Okay, so given all of these things like it sounds like in terms of saturation we don't think uh that or you guys don't think that the benchmarks are necessarily doomed uh in the case of like how much they can generalize a lot of interesting questions. It's like I guess it's a bit more complicated. I think there is still like a big looming question here which is where do we go next with benchmarks? What exactly do benchmarks look like in the future?
Yeah. So one kind of categorization I find useful is in terms of how benchmarks are scored. Is it completely machine checkable? So you have an algorithm uh like you know not based on language models that uh just checks correctness. So this is you know basically all traditional benchmarks some form of LLM as a judge.
And the third category is just human judging like uh you know non-automated judging you just have humans score the a outputs. So yeah, I'm interested in people figuring out how to do the second category well. And then human grading is I think basically historically would have been ludicrous because uh you know human time is just way too costly and when we had benchmarks with like a a thousand samples and so on it just wouldn't have been feasible. You know, now we're seeing things like much smaller benchmarks or actually even just demos like Anthropic C compiler where there's a single output and you know running the benchmark might be in the tens of thousands of dollars there.

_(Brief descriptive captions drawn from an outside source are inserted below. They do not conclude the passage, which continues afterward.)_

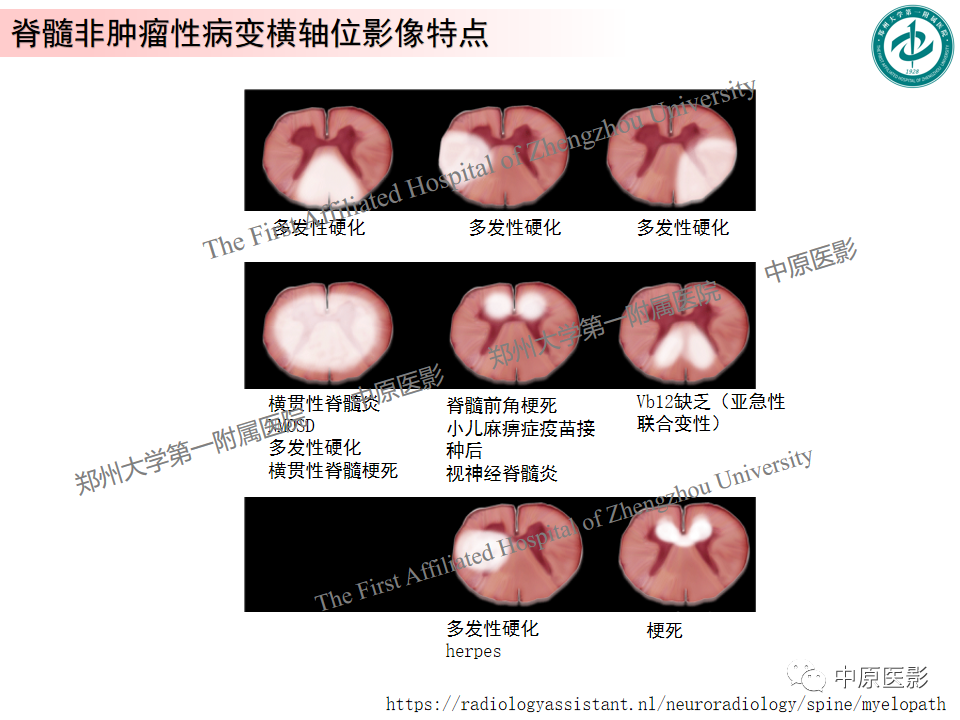 影像PPT - 【PPT】视神经脊髓炎与多发性硬化鉴别诊断-45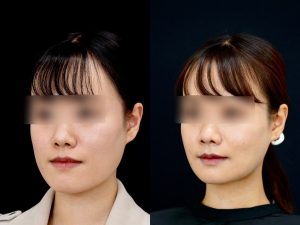 顎矯正施術（両顎手術）を受けた6ヶ月後の方の左斜めの症例写真です。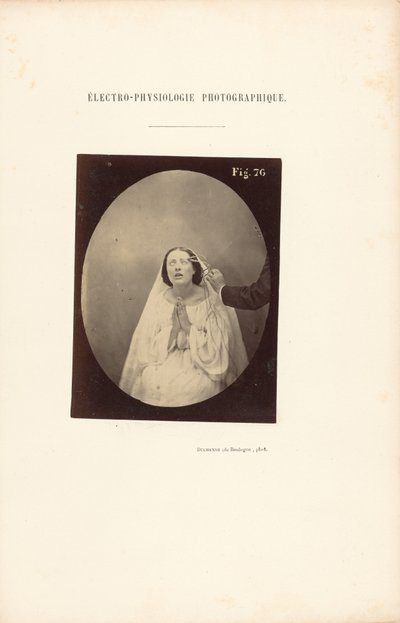 Elettrofisiologia fotografica, Figura 76 da Guillaume Benjamin Duchenne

Maybe there's a form of human rating could make sense. There's so much more to explore with these like alternative scoring methods. There's a lot more juice to be had even in the completely algorithmically scorable category. Yeah, it's funny how I almost feel like we've got two polls here that are both very promising and then this tempting but I'm not sure how much I believe in it middle ground of like relying on like fuzzy qualitative AI judgment for assessing AI outputs. We've rarely had benchmarks out in like outside of the like math, science, coding in this domain. Like they're they're just there are some attempts at creative writing benchmarks and I like they're good. I I I mean no no shade, but they they're just not that deep or compelling.
And outside of that, it's like it's not only >> there are things that try law. Well, um, I mean, I'm really interested in like white collar work that isn't STEM, >> but I wish I had the time, but I haven't had the time to like look at literature.

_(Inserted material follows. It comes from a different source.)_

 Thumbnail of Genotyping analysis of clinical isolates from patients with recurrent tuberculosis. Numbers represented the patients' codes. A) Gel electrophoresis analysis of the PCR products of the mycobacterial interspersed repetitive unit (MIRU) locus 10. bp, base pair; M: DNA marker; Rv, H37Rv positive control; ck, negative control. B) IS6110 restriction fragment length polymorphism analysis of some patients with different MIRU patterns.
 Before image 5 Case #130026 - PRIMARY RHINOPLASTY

>> Let's talk a little I mean, we can talk a little about some of these. I think it's I think it's interesting. Recently, Epoch wrote a report reviewing three benchmarks that try to target economically valuable work outside of coding, math, science. And I think there are some interesting entries there. It's also interesting to look at how they're graded because none of them are in this first category you were describing. One called apex agents uses detailed rubrics and this is targeting tasks in corporate law, management, consulting and corporate finance, investment banking.
That that's that's the third category.
and they have just detailed rubrics at which an LLM then assesses and it's things like okay did this customer's data breach described in these documents violate GDPR know which you have a copy of over here and here's the contract the customer had with the with their client and it's like the rubric is saying you lose a point if you don't say how clause 103C or whatever was violated or was not violated for what so it's like very it's very granular I think I I believe it that like that this is this is doable.

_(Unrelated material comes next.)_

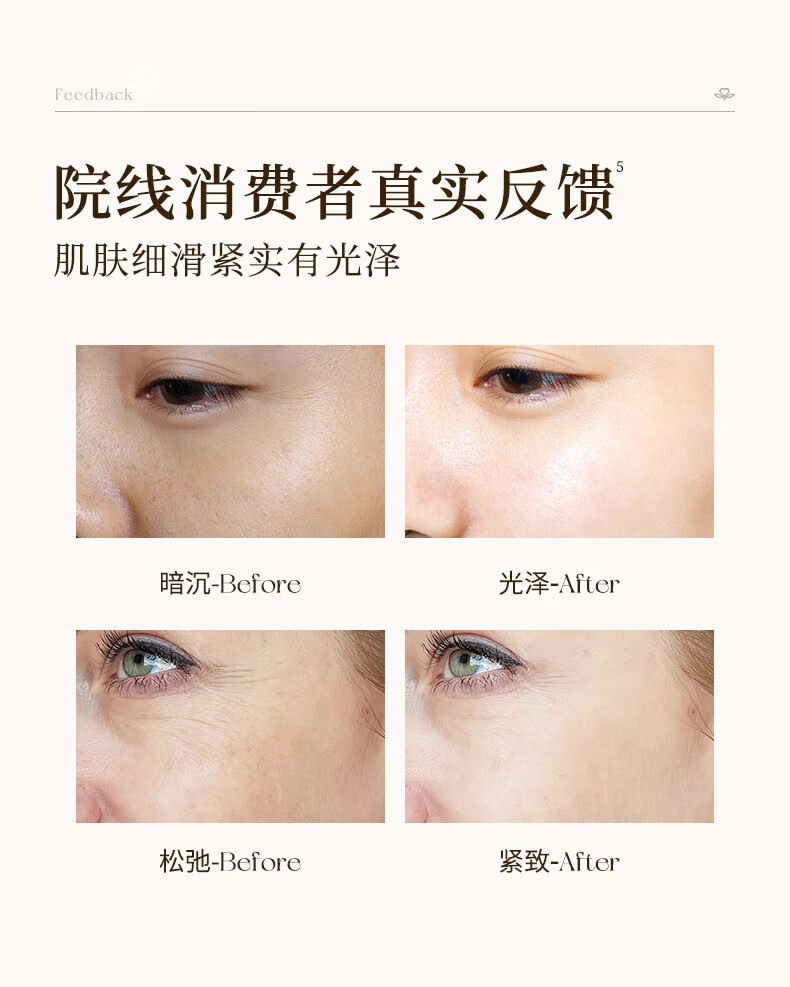 EXPRESSIONS新加坡进口玫瑰面部精油提拉紧致淡细纹保湿抗皱精华液提亮肤色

The other two benchmarks we looked at GDP val from open AI and remote labor index from scale CIS collaboration those are just graded by humans they just they just bit the bullet and I think this is great and it's interesting GDP val is like close to saturated uh but remote labor index is like definitely not no matter what >> how many tasks are in remote labor index and like do you know how much they pay the graders and they don't know all this >> yeah yeah so all all good details I don't remember the exact task number.
It's in our report. But yeah, on the order of 100, not 10. And they don't give us much on how much they pay the graders. Reasonable. The graders are simply asked to they're given the AI output. They're given the the spec from the customer. I should say these are real tasks taken from the gig work platform Upwork. and the they give the reference t uh output which was accepted by the customer and they say if this is what the customer was looking for would this other output like probably satisfy them what I take this to mean is like is the AI output even in the ballpark of the human output like that's a lower bound on the quality of judgment most of these things are to be clear I thought this was an innovative take are multimedia output so it's like kind of a visual gist judgment and right now at least the failures are just like dramatic. The first author of the paper was just describing like a test case they have of like we asked you to draw the Superman logo in Inkscape and you submitted an unrecognizable blob. Like that's the level that models are at here. I think fine grain judgments will get harder, but they also I don't think invested that much in the the human rating. And I sort of, you know, believe it. Like I I sort of believe this is a perfectly reasonable thing. And we're the benchmark at least is good enough to tell us the binary of like can AI at least come close to doing this sort of task. Are the deficiencies more fine grained versus are they not even close?
And the answer there is they're they're not even they're not even so close. And like you were saying, this is like this is a new form for benchmarks primarily.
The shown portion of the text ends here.